As a highly technical, governmental agency, NASA’s success leans heavily on its computing capabilities.  Utilizing the most efficient and effective approaches for storage, processing, and bandwidth is imperative to ensure our continuing.

Mission-based projects within our agency often have very long IT life cycles, and they are also usually one of a kind and complex:  high-stake endeavors.  Decisions for missions begin early in the strategic planning phase.  Due to long lead times for procurement of hardware, IT acquisitions also happen early in the life cycle.  Next, because of the long life cycle, upgrades need to occur regularly; otherwise, what was new when the planning began will be obsolete by the actual launch date.  In addition, the necessary compute must be estimated far in advance of when it will actually be needed, which can hinder the interoperability of a project’s components.  Another important aspect is that duplicate IT environments are sometimes created from the variety of projects (e.g., duplicative developmental environments, integration environments, and test environments) resulting also in the duplication of software, hardware, and licenses.  Furthermore, additional certifications are necessary for any duplicative environment.  These are obvious drawbacks of our current system.  However, CC, when strategically used, offers solutions to many of these scenarios.  With the availability of on-demand access to compute and incredible scalability (elasticity), there is no need for advanced estimating, duplicative environments, non-sharing of expensive licensing, and non-sharing of HW and SW.

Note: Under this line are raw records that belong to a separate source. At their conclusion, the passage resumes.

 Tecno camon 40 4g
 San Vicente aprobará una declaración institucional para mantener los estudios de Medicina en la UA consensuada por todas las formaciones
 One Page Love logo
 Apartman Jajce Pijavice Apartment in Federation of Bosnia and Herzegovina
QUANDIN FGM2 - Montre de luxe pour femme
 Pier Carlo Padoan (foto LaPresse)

The above said, CC is not a one-size-fits-all solution, because some systems (e.g., embedded systems) do not fall within CC’s use cases.  For example, there is some risk involved when dealing with highly sensitive or complex missions.  Also, there are other obstacles, which would need to be considered carefully before proceeding:  such as the introduction of possible complications to a project or potential security risks.  Additionally, latency can become an issue once data and applications become distributed and certain spectrums of compute (e.g., tightly coupled supercomputing) are needed.  Lastly, cultural resistance to change (if disruptive enough to a particular organization) can be a good reason to hold off on a rapid migration to CC.

In order for an organization to utilize CC as a game-changing business strategy, it should be implemented strategically.  First, determine where CC can bring the most value to the organization; next, gauge the levels of potential willingness for adoption.  Finally, choose an appropriate approach for execution:  an enterprise-wide or a project-by-project approach.  The enterprise approach was discussed above, so I will address the project-centric approach next.

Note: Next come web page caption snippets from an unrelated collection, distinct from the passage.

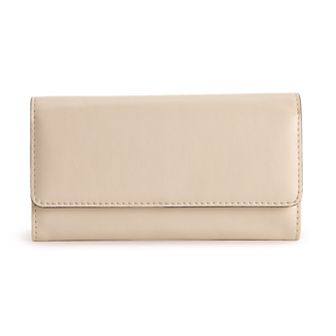 Keelan RFID-Blocking Filemaster Wallet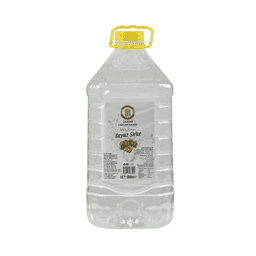 Tarihi Odunpazarı Beyaz Sirke 5000 Ml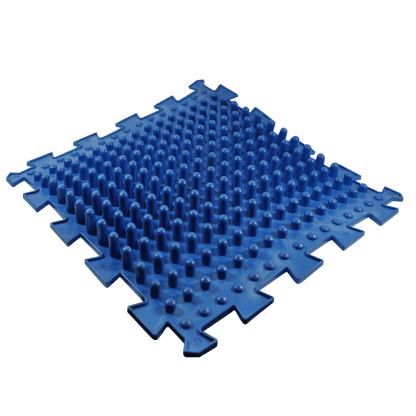 Ortopēdisko paklājiņu komplekts "Puzzle Mega Mix 6"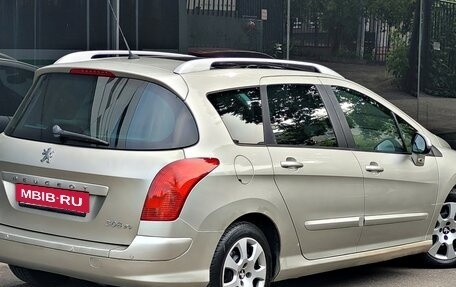 Peugeot 308 II, 2008 год, 389 000 рублей, 5 фотография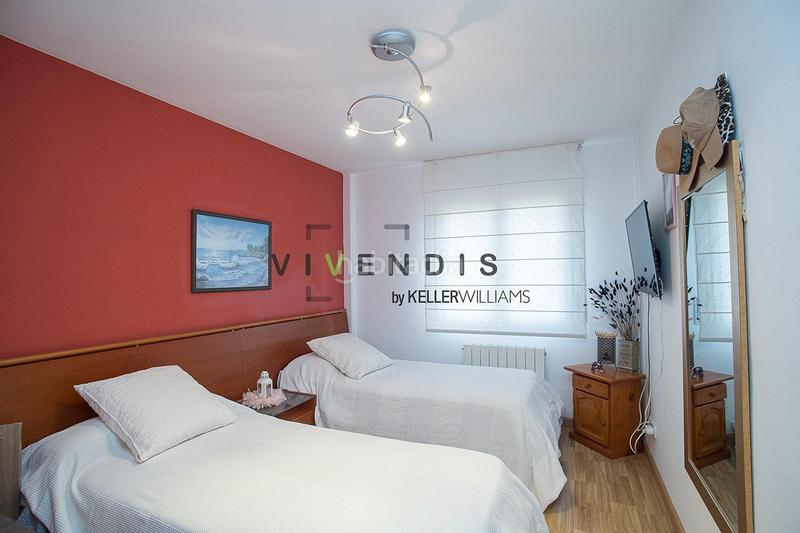 Foto 0daac14e-914e-4081-bf39-e5c154778f61. Piso vivir bien empieza aquí piso listo para entrar, te está esperando!! en Corbera de Llobregat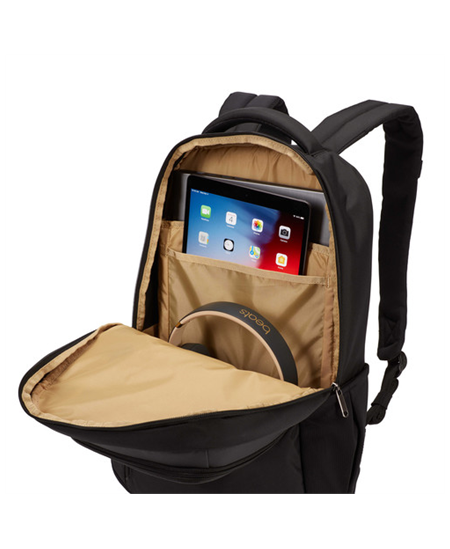 Case Logic | Propel Backpack | PROPB-116 | Fits up to size 12-15.6 " | Backpack | Shoulder strap | Black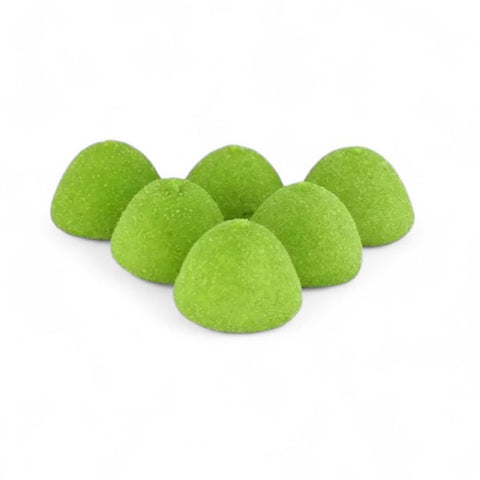 Sachet de guimauves goût pomme - 1kg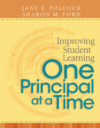 Improving Student Learning One Principal at a Time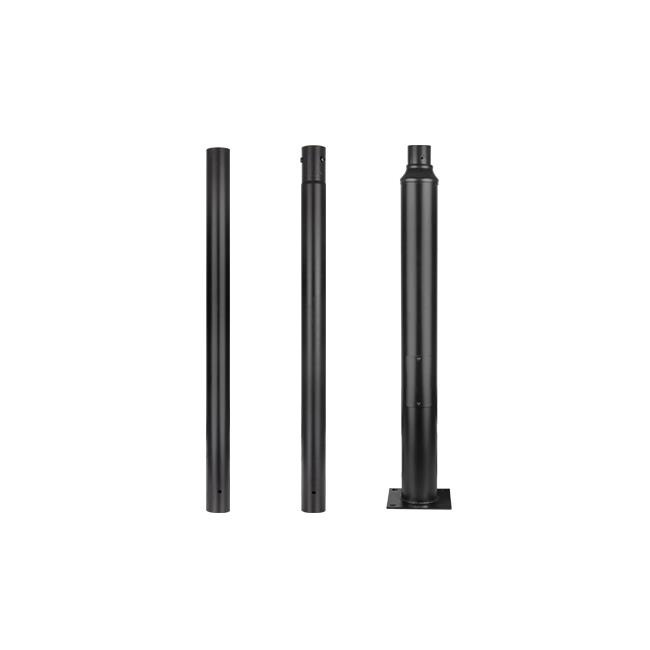 Słup do lampy solarnej YH013000-LS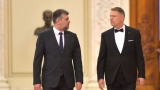 Marcel Ciolacu, negocieri cu președintele 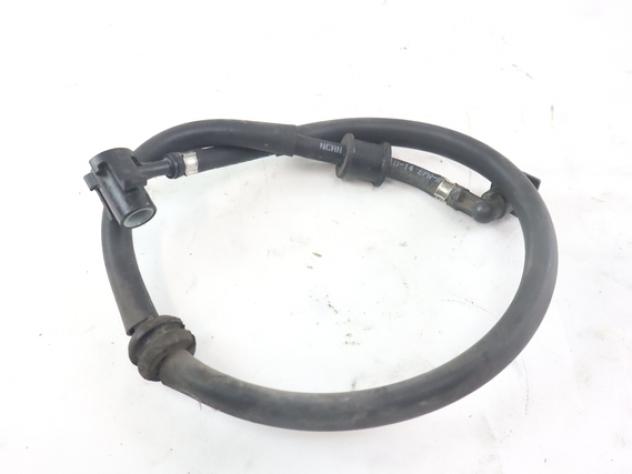 YAMAHA TRICITY MW 125 2CME39710300 TUBO BENZINA 14 - 17 FUEL PIPE 2CME39710000 2CME39710100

            For certain organizations, as discussed above, it may not be feasible to implement CC on an enterprise-wide basis.  An alternative then is to use CC on a project-by-project basis.  Such would be possible for six different types of projects.

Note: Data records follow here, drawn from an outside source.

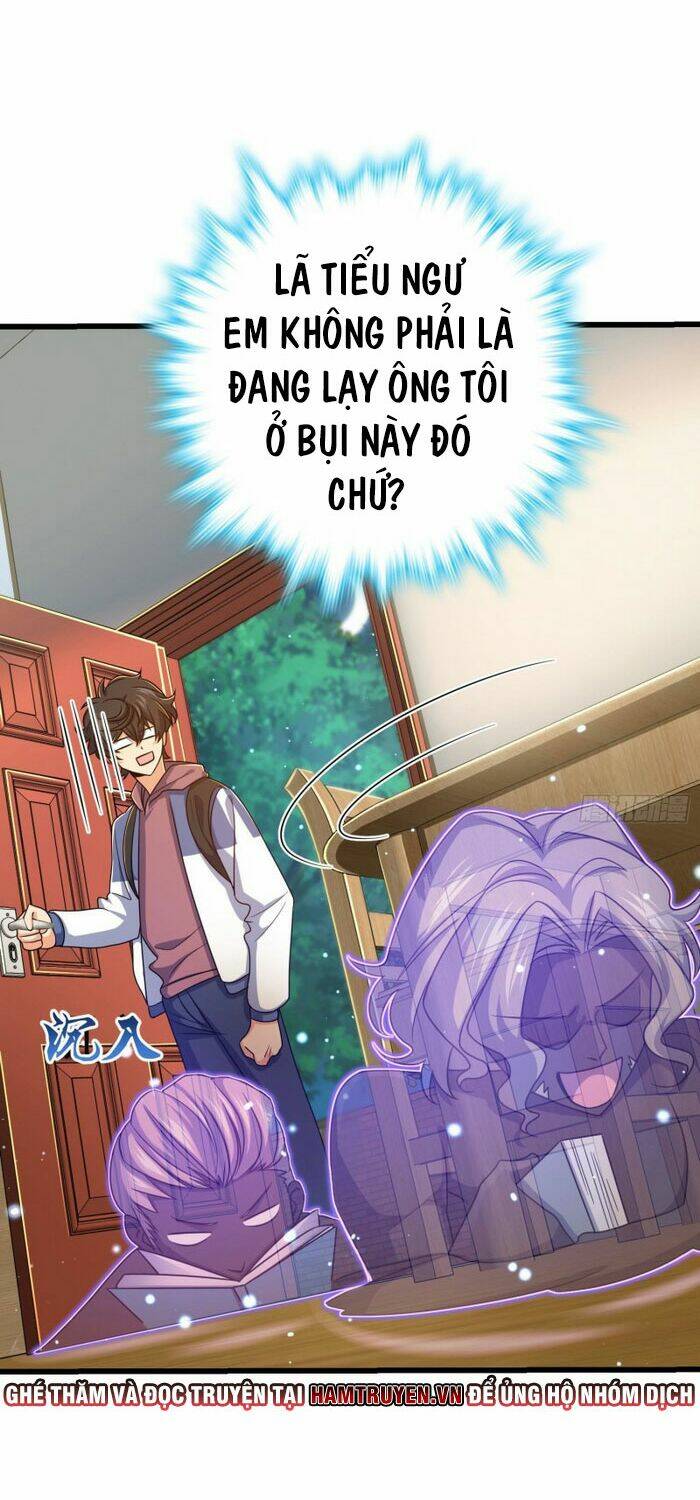 Chương 206 - Trang 21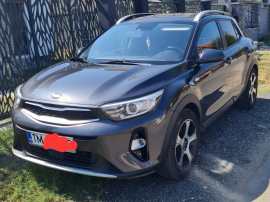 Kia stonic 1.0 benzina 120 cp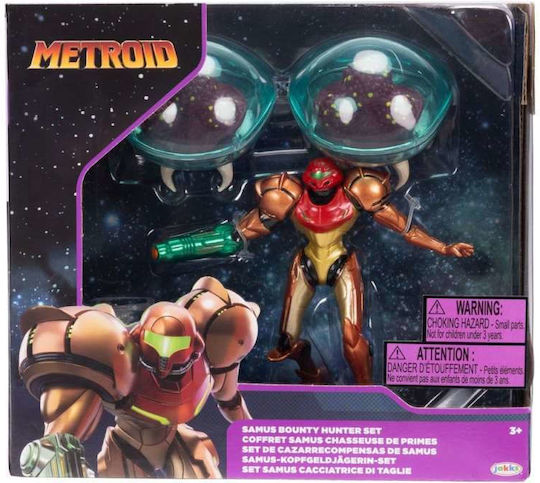 Jakks Pacific Миниатюра За Игра 6см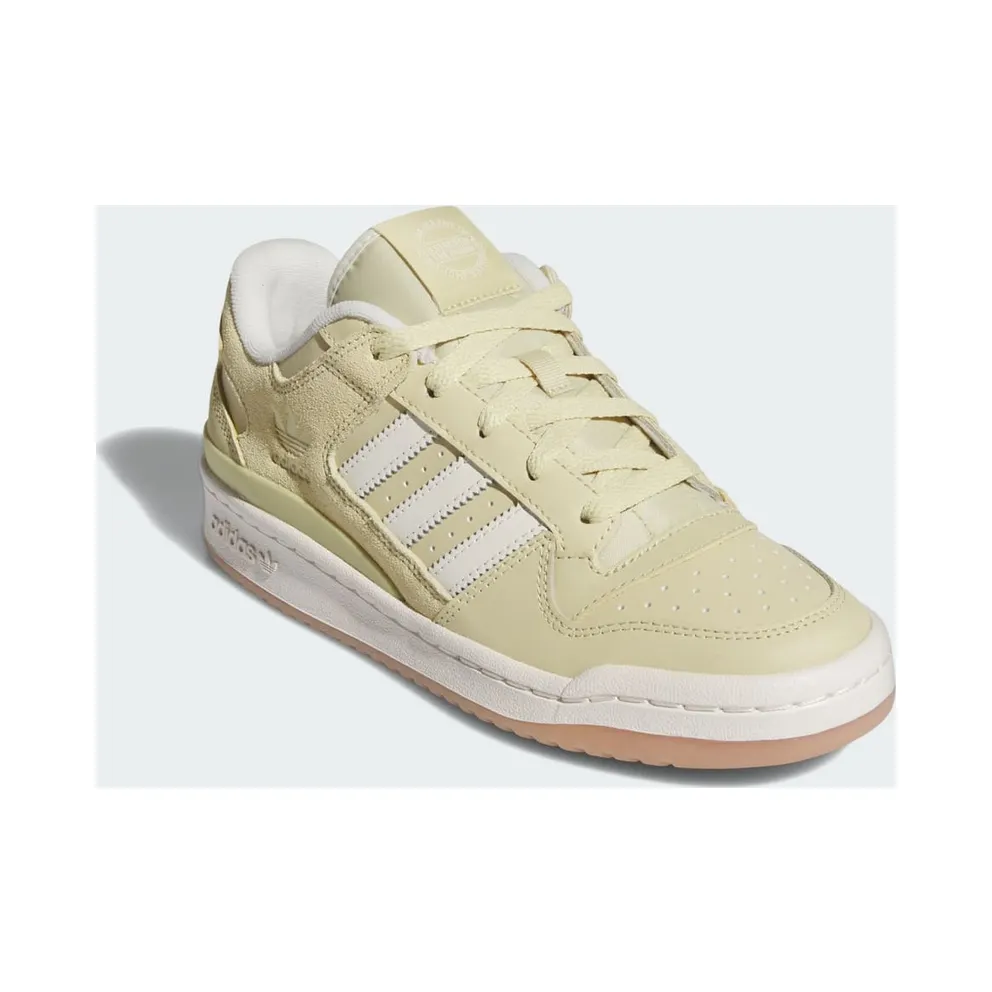 adidas Forum Low Sandy Beige Cream White Gum (IG3966)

1.     Those that need the latest IT on a “just-in-time” basis.  E.g., system or mission development and construction or renovations of buildings.

2.     Projects that need stop-gap capability such as transferring information, consolidating servers, or reorganizing a data center.

3.     Risks associated with projects, businesses, and change such as indecisive funding, changes in demand, or significant changes to IT.

4.     Missions facing challenging funding such as cyclic demands or economic downturns.

5.     Improving new projects to include utilizing CC until the scope is understood or as you need compute.

6.     Proofs of concepts.  E.g., Scoping of network performance, and scoping workstation or server performance.

            In summary, CC should be embedded in the project-management process to ensure business success, risk mitigation, significant cost savings, a better understanding of compute requirements, and the ability to obtain the latest technologies when buying new hardware.  If executed properly, organizations will be able to utilize CC as a game-changing business strategy.